And best of all, the Thompsons are offering four scholarships per year as incentives for Guatemalan girls to stay in school through middle school. Carolyn said that by high school, 95 percent of students are boys because families want to make sure their sons, who need to earn money for their families, have the best education. So the Thompsons are doing their part to help a few girls also improve their knowledge. If I recall correctly, the families have to foot 50 percent of the tuition costs, but the scholarships cover the rest. The program has existed for three years, and all 12 original girls, four each in grades 7 through 9, are still in school.

Kimberly and I have been wanting to find a way to give back to the country that has given us so much, so we are very interested in the program ourselves now. Our friends and family may be hearing more about it from us in the future.

After leaving the coffee plantation, we visited a cooperative where Mayans are taught to weave and make other crafts.

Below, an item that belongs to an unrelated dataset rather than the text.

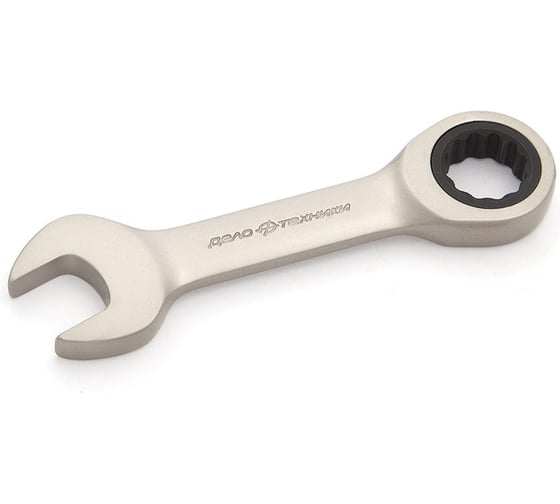 Изображение товара Комбинированный ключ Дело Техники трещоточный короткий 15мм 515615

The highlight was when the women dressed Kimberly, Elli and Mom in traditional Mayan clothing. (Anthony said he was too embarrassed, and they apparently didn't have any pants big enough to fit me.) They didn't do that when we visited the coop in 2001. We snapped plenty of photos for everyone to see when we get home.

We cut short the final stop at the macadamia nut plantation because the tour guide there was an obnoxious, crude, foul-mouthed athiest and "tree hugger." At one time I had wanted to write a freelance story on the plantation because I love its mission: propagate carbon-dioxide-eating macadamia trees throughout Guatemala to help fight pollution and discourage the destruction of rain forests. But the tour guide -- I'm calling him "Lorenzo the Loon," a San Francisco transplant -- quickly offended all of us, as well as the Swiss family in our party (he made fun of Swiss chocolate in touting the macadamia plant's own version).

The guy also basically groped the young daughter of the Swiss family. Both Dad and I agreed that had he touched Elli in the way he touched that girl, he would have heard a few pointed words from us. I recoiled when he later approached Catie in Kimberly's arms -- and then he made a foul-mouthed comment about how he gets scared every time he is near a child that young because his are adults now. We left not long after that and did not pay the entrance fee or wait for macadamia pancakes. All of us were disgusted.

Thankfully, Kimberly pulled Anthony and Elli away early as Lorenzo was making his athiestic pitch and ridiculing the creation story. We're glad the kids' only interest was in getting dirty by picking up a few macadamia nuts from the ground.